▶ TASK GOAL
Begin at the line containing "Adjustable Shower Caddy" and copy exactly through the last line of the listing, skipping every picture.
======
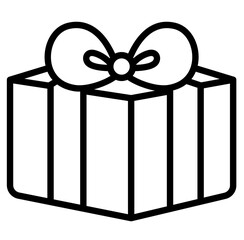 Cute Christmas present gift box with ribbon bow outline cartoon doodle illustration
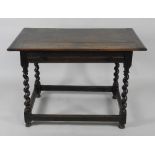 A 17th century and later oak side table,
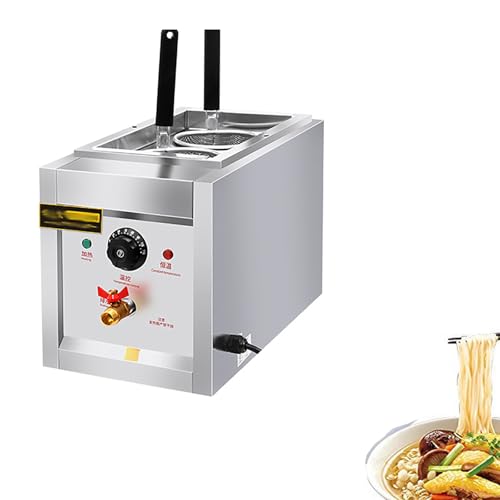 LHQYA Commercial Pasta Cooker Maker, 2 Holes Stainless Steel Electric Noodles Cooking Machine, Temperature Control Range: 30~110℃/Porous Heat Dissipation Design, for Catering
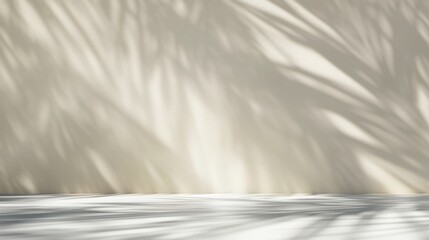 Fototapeta premium Abstract beige studio background for product presentation. Empty room with shadows of window and flowers and palm leaves . 3d room with copy space. Summer concert. Blurred backdrop.
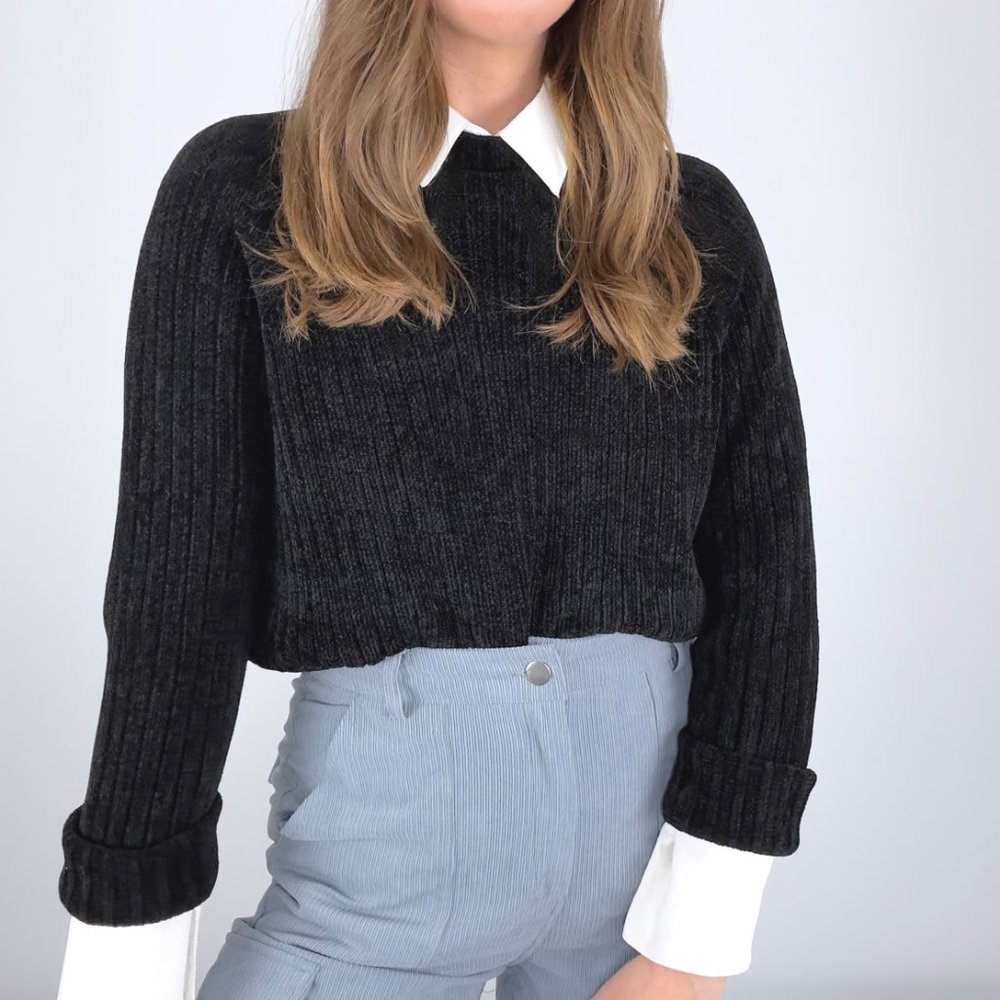Vintage Essential Black Chenille Sweater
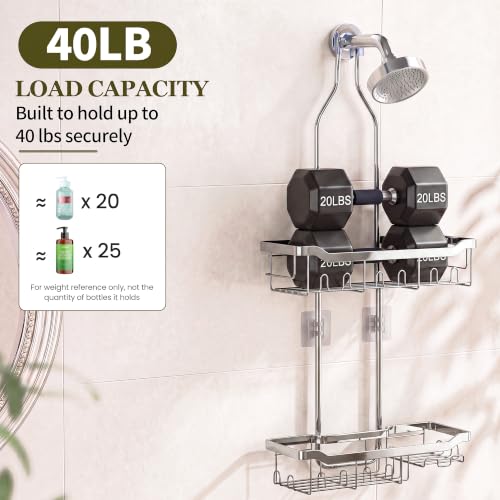 Adjustable Shower Caddy Hanging Rustproof: Tool-free Height Adjustment Silver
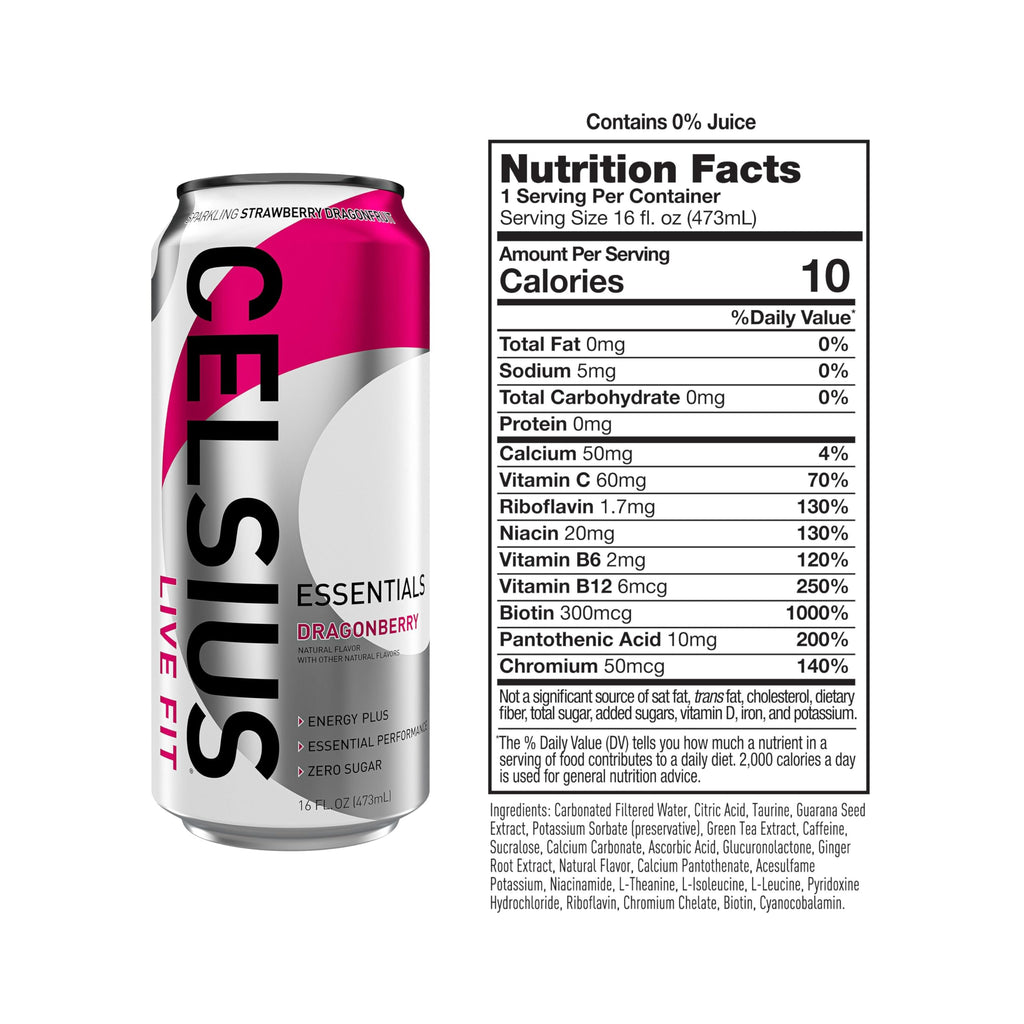 CELSIUS ESSENTIALS, Sparkling Dragonberry, Performance Energy Drink 16 Fl Oz CELSIUSBuy Supplements Australia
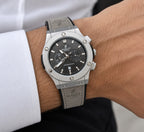 Luxury Silver Chronograph Style Watch – Grey Strap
======
▶ RESULT OF THIS TASK
 Adjustable Shower Caddy Hanging Rustproof: Tool-free Height Adjustment Silver
 CELSIUS ESSENTIALS, Sparkling Dragonberry, Performance Energy Drink 16 Fl Oz CELSIUSBuy Supplements Australia
 Luxury Silver Chronograph Style Watch – Grey Strap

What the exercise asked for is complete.